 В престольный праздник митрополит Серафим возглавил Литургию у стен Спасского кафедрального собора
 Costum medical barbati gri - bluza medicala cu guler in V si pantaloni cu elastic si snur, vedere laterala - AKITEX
---
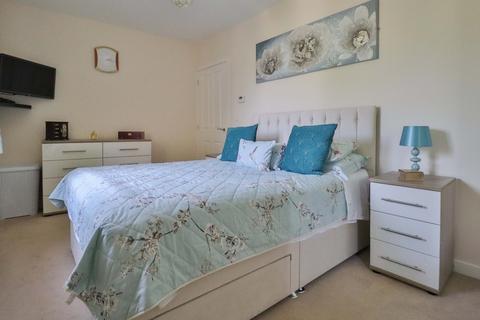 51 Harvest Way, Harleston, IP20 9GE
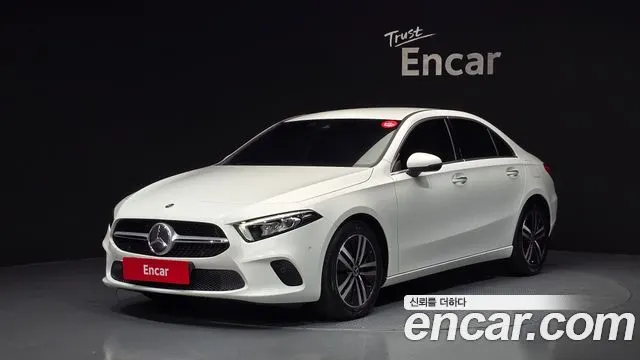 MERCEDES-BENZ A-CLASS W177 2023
* * *
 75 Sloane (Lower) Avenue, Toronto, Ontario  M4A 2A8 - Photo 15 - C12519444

§ **Problem requirements**
Within the material above, transcribe exactly the lines that run from the line holding "В престольный праздник" through the line holding "Costum medical barbati".

§ **Task response**
 В престольный праздник митрополит Серафим возглавил Литургию у стен Спасского кафедрального собора
 Costum medical barbati gri - bluza medicala cu guler in V si pantaloni cu elastic si snur, vedere laterala - AKITEX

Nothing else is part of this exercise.